Task goal - Beginning with the first line of the data below, reproduce every line unchanged, ending with the line that holds "und verschneiter Landschaft.".

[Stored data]

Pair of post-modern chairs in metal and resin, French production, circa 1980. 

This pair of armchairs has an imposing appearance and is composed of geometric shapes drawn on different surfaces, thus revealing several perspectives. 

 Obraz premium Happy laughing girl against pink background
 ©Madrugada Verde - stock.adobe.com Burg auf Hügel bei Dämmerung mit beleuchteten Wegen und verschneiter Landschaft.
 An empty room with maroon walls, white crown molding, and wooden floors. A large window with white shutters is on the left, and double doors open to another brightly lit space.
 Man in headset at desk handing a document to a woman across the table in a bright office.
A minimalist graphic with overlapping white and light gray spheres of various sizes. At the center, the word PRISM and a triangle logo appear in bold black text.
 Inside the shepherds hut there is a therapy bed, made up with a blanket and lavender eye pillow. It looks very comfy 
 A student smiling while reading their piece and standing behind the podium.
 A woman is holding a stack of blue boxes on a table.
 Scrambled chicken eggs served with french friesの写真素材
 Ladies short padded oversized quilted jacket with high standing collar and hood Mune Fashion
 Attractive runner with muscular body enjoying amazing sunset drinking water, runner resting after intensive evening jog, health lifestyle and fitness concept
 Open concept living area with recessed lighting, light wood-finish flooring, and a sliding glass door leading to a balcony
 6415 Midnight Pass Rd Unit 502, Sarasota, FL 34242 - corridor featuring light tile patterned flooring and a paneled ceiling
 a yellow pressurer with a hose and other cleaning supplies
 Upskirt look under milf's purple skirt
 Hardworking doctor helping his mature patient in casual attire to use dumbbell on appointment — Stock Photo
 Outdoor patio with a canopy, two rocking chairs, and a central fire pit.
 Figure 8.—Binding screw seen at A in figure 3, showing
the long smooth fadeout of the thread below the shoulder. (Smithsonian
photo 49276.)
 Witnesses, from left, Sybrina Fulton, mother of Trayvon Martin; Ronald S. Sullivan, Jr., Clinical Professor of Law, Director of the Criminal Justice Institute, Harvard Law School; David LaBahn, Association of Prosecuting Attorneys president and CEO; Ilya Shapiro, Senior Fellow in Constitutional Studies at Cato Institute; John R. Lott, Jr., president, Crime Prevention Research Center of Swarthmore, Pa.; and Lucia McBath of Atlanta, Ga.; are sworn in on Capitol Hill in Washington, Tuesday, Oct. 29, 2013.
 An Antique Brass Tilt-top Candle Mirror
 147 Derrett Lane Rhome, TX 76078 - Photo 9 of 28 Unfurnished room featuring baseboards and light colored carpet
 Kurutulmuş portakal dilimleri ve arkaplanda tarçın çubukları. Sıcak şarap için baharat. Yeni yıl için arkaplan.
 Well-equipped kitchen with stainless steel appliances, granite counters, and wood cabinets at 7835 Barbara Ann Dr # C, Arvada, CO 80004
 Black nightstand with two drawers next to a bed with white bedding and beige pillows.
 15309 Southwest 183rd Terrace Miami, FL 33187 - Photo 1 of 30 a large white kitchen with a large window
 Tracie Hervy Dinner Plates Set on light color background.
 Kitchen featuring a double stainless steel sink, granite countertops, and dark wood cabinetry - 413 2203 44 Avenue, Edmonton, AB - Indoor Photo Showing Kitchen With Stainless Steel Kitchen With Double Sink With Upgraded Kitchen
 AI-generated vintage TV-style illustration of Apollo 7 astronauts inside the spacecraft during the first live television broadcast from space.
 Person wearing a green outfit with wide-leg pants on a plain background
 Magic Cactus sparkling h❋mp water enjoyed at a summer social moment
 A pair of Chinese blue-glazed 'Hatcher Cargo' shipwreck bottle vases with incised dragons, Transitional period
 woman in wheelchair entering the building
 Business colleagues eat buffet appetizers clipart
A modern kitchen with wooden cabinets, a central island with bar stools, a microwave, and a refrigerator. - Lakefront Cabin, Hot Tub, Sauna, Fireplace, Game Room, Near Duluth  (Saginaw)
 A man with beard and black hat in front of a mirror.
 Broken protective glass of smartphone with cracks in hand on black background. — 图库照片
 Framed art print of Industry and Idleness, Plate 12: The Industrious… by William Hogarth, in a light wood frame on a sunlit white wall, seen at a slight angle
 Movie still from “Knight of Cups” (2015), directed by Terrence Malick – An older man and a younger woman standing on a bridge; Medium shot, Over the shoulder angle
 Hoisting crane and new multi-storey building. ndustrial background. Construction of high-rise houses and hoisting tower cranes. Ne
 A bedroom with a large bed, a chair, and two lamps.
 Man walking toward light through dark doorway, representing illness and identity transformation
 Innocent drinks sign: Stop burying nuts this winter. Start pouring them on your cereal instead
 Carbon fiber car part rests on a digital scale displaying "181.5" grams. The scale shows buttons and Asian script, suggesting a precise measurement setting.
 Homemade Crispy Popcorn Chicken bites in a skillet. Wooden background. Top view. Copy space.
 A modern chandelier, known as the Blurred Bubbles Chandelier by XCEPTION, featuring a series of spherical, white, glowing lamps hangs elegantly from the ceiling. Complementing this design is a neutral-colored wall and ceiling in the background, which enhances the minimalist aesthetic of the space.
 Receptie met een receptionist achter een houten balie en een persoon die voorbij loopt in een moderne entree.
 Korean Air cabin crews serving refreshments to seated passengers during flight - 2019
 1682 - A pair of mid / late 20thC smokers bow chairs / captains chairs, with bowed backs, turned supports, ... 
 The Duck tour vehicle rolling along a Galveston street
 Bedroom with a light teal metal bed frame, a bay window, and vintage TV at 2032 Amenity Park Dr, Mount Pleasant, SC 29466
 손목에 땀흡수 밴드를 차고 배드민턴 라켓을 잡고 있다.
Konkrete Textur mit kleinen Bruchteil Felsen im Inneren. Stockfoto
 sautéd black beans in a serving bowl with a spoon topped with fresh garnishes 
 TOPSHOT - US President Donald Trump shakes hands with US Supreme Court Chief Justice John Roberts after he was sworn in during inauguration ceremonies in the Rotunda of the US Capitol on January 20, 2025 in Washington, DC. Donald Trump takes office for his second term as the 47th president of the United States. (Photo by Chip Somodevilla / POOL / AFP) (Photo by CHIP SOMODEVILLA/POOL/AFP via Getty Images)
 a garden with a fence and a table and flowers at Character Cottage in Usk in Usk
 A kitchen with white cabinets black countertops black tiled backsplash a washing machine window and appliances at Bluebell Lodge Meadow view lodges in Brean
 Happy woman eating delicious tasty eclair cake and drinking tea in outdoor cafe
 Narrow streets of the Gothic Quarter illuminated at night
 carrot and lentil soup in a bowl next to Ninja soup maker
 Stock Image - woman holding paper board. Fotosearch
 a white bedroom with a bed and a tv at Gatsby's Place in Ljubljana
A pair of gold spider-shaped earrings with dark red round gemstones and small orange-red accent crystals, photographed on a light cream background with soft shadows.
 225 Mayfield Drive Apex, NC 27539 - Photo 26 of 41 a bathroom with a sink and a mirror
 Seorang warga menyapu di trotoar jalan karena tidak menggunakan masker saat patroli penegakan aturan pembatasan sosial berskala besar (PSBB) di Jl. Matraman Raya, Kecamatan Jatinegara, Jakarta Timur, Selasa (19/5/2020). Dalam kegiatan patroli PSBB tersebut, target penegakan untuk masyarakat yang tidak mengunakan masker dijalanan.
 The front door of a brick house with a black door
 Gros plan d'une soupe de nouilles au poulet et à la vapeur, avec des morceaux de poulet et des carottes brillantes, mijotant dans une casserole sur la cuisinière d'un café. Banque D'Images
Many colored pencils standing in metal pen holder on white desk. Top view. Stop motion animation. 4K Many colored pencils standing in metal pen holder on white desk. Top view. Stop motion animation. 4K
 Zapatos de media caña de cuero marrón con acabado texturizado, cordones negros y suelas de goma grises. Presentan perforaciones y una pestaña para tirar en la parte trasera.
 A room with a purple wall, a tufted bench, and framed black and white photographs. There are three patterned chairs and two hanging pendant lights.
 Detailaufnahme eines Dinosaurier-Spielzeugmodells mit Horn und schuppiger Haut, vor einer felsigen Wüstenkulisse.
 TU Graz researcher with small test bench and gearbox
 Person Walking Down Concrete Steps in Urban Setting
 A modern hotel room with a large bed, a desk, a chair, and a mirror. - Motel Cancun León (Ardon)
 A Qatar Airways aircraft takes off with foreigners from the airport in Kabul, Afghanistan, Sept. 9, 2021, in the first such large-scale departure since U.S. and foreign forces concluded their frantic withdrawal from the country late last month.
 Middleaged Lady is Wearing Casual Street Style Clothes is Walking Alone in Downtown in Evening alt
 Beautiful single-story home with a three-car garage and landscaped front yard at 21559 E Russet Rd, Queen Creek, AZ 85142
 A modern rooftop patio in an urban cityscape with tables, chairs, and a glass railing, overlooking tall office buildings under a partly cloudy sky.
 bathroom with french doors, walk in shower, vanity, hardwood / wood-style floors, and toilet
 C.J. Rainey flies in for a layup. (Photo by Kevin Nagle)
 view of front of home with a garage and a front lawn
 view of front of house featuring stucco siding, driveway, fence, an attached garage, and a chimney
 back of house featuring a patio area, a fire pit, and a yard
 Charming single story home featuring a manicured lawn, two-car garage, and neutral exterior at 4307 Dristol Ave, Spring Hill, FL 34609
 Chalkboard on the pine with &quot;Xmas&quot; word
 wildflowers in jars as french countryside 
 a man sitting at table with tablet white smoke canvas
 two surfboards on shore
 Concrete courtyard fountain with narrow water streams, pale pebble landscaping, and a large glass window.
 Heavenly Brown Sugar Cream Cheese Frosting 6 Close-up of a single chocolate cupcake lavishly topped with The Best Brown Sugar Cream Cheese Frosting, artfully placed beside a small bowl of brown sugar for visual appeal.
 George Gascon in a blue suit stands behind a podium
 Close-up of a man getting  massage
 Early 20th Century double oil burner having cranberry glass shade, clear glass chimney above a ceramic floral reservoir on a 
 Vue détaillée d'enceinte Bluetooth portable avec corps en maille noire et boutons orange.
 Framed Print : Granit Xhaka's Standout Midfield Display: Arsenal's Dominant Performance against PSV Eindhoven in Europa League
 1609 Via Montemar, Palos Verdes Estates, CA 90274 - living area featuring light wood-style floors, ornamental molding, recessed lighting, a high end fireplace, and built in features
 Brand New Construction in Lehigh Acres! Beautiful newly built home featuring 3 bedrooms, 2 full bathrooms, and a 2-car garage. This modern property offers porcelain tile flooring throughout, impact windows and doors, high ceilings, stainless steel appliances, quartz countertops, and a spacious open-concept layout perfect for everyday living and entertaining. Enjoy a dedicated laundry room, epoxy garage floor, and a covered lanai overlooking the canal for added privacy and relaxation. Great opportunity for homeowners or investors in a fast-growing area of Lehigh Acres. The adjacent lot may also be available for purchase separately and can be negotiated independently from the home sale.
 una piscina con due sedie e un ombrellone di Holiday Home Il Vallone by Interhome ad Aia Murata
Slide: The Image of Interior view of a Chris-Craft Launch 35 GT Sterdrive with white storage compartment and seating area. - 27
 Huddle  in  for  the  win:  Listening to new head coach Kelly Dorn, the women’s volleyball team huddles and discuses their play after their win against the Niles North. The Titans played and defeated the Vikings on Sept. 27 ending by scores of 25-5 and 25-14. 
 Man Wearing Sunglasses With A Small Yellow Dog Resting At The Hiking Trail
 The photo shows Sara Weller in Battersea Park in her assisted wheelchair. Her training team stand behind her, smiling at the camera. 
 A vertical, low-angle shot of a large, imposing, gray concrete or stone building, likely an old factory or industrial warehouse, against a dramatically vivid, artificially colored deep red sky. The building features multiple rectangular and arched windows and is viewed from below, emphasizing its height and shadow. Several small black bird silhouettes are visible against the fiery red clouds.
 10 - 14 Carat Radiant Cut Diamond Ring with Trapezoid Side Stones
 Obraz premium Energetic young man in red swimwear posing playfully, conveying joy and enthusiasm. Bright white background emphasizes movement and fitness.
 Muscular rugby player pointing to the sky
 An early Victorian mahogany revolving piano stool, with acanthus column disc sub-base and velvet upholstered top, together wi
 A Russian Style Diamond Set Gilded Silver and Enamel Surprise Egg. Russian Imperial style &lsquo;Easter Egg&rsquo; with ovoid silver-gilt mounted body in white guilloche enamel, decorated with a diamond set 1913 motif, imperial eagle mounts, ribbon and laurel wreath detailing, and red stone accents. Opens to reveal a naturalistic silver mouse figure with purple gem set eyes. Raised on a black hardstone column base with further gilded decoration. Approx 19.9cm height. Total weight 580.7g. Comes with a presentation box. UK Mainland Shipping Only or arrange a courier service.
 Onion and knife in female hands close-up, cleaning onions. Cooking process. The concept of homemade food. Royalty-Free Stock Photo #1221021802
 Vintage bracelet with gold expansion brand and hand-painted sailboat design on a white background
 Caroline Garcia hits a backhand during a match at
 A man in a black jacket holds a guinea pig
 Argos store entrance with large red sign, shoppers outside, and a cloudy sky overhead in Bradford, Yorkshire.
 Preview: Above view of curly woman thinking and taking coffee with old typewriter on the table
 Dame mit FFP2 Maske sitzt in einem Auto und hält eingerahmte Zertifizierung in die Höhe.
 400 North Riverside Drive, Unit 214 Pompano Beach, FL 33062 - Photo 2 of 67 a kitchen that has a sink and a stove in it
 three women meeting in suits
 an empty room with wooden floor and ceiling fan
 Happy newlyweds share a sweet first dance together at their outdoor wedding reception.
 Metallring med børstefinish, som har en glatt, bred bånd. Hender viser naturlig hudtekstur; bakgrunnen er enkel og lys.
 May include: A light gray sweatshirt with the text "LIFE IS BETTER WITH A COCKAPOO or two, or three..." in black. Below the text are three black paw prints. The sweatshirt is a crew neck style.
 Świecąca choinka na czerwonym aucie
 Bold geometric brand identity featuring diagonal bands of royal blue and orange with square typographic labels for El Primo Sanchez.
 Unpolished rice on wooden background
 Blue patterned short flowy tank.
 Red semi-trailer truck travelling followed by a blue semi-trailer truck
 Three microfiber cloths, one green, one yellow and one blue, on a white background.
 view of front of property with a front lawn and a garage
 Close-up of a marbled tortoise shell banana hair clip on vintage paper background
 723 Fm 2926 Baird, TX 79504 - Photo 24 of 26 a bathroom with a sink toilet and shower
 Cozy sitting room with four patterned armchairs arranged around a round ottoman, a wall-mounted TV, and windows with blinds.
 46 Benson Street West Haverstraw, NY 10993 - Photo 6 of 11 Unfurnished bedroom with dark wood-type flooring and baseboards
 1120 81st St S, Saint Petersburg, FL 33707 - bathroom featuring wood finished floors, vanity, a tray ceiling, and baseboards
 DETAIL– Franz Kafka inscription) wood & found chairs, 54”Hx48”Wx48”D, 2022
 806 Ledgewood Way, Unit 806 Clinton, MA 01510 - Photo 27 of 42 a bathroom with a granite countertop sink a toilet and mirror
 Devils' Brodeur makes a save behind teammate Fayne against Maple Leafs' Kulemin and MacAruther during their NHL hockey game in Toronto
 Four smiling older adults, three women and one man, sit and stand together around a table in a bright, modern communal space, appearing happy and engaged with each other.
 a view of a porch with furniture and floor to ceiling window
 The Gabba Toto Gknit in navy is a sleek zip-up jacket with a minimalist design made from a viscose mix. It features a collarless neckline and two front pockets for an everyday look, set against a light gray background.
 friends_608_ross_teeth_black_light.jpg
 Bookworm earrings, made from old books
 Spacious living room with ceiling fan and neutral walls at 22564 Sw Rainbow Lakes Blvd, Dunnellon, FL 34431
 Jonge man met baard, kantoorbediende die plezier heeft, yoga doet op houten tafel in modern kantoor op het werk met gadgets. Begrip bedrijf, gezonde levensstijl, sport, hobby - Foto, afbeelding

Result of the task -
Pair of post-modern chairs in metal and resin, French production, circa 1980. 

This pair of armchairs has an imposing appearance and is composed of geometric shapes drawn on different surfaces, thus revealing several perspectives. 

 Obraz premium Happy laughing girl against pink background
 ©Madrugada Verde - stock.adobe.com Burg auf Hügel bei Dämmerung mit beleuchteten Wegen und verschneiter Landschaft.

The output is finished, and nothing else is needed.